**PROBLEM REQUIREMENTS**
Each entry below should appear again exactly as written, without pictures.

*** Opening of RECORDS FOR THE TASK ***

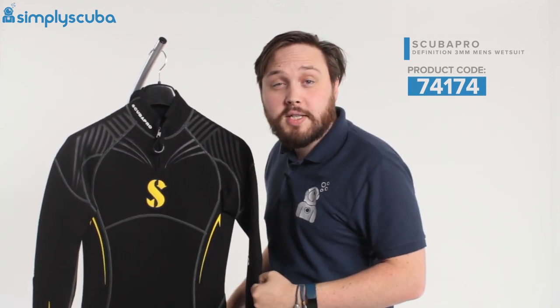Hi guys, welcome to Simply Scuba. Here we have the ScubaPro Men's 3mm Definition wetsuit.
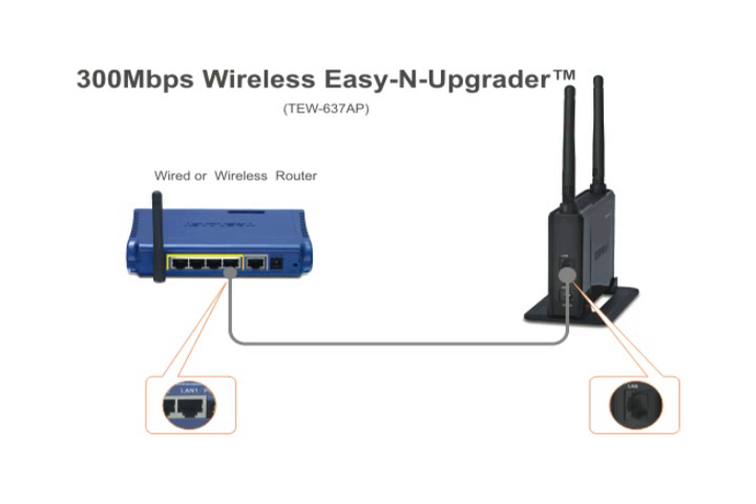It works right out of the box with no installation required. You simply take it right out of the box, connect it to a free ethernet port on the back of your wired-to-wireless router, plug it in, and bam! You've created a 300Mbps high-speed wireless N network with up to 12 times the speed and 4 times the coverage of a wireless G network.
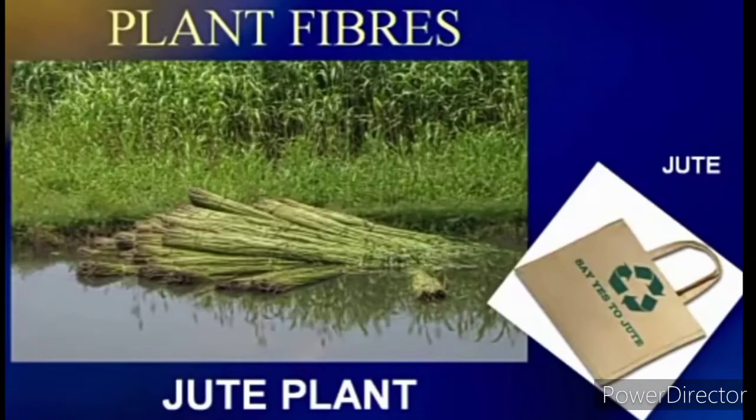Good morning students. We are studying our chapter 3, Fiber to Fabric. Today's topic is Plant Fiber, Jute Plant. Today we will see how the jute plant is cultivated and the jute fibers are processed to obtain the desired fabric.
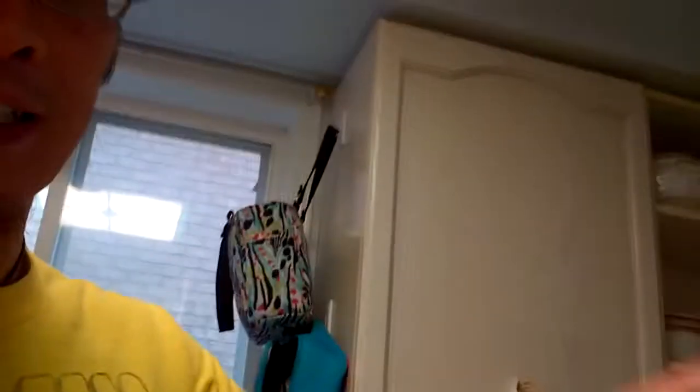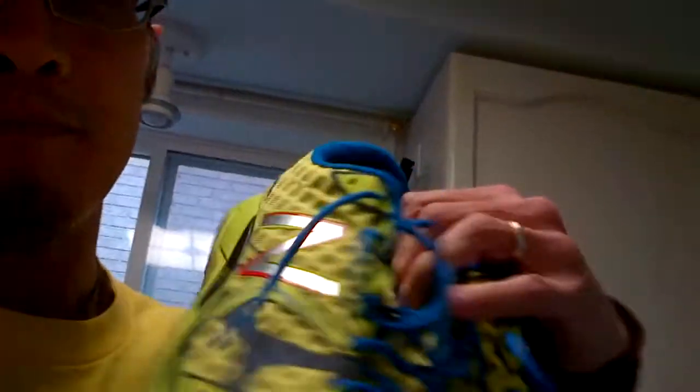At a nine millimeter drop they are much more than I'm accustomed to, but all things being said they don't feel like I'm standing on high heels or anything like that. There are nice light little bits of reflectivity to them that make them visible for the low light runner.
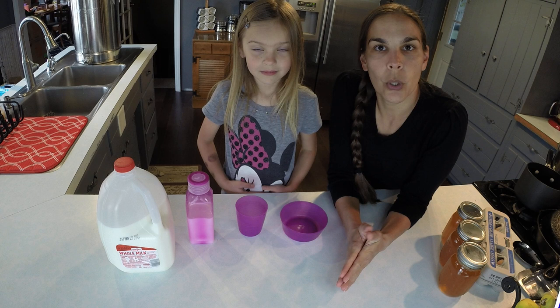Hi, I'm Michelle and I have my assistant here. I'm Heather. And we are going to work on pouring.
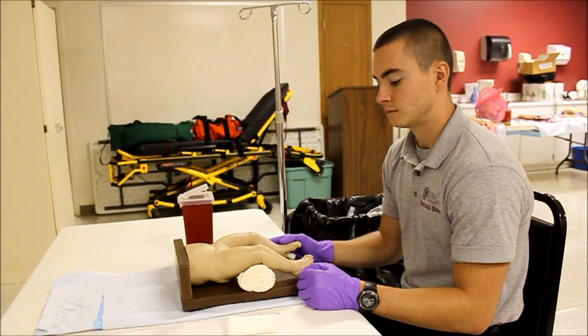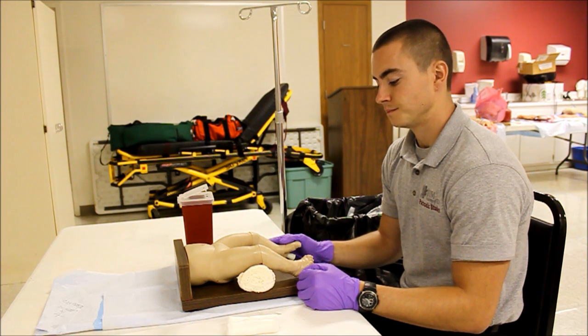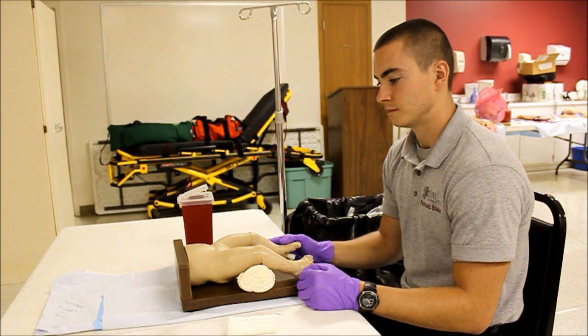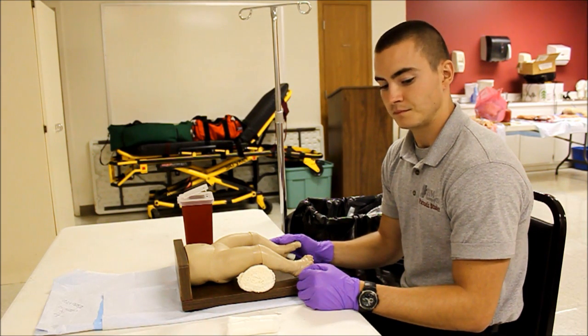This is your National Registry Advanced Level Psycho-Motor Examination, Pediatric Intraosseous Infusion. You have before you a 22-pound baby that requires a fluid bolus. You have been unable to obtain IV access.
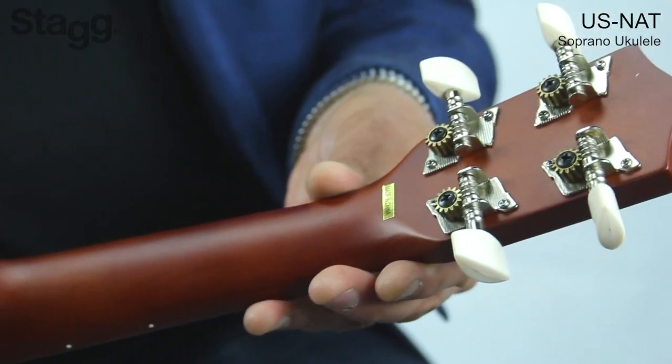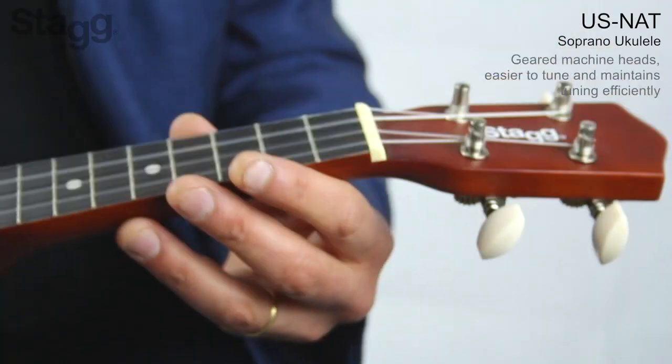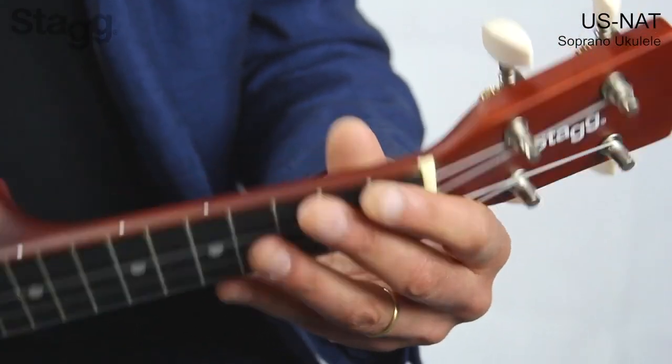The machine heads are very sturdy and they are geared, so it means that it's very easy to tune and to basically keep your ukulele in tune during lessons or during your performance.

*** Close of RECORDS FOR THE TASK ***

**ANSWER**
Hi guys, welcome to Simply Scuba. Here we have the ScubaPro Men's 3mm Definition wetsuit.
It works right out of the box with no installation required. You simply take it right out of the box, connect it to a free ethernet port on the back of your wired-to-wireless router, plug it in, and bam! You've created a 300Mbps high-speed wireless N network with up to 12 times the speed and 4 times the coverage of a wireless G network.
Good morning students. We are studying our chapter 3, Fiber to Fabric. Today's topic is Plant Fiber, Jute Plant. Today we will see how the jute plant is cultivated and the jute fibers are processed to obtain the desired fabric.
At a nine millimeter drop they are much more than I'm accustomed to, but all things being said they don't feel like I'm standing on high heels or anything like that. There are nice light little bits of reflectivity to them that make them visible for the low light runner.
Hi, I'm Michelle and I have my assistant here. I'm Heather. And we are going to work on pouring.
This is your National Registry Advanced Level Psycho-Motor Examination, Pediatric Intraosseous Infusion. You have before you a 22-pound baby that requires a fluid bolus. You have been unable to obtain IV access.
The machine heads are very sturdy and they are geared, so it means that it's very easy to tune and to basically keep your ukulele in tune during lessons or during your performance.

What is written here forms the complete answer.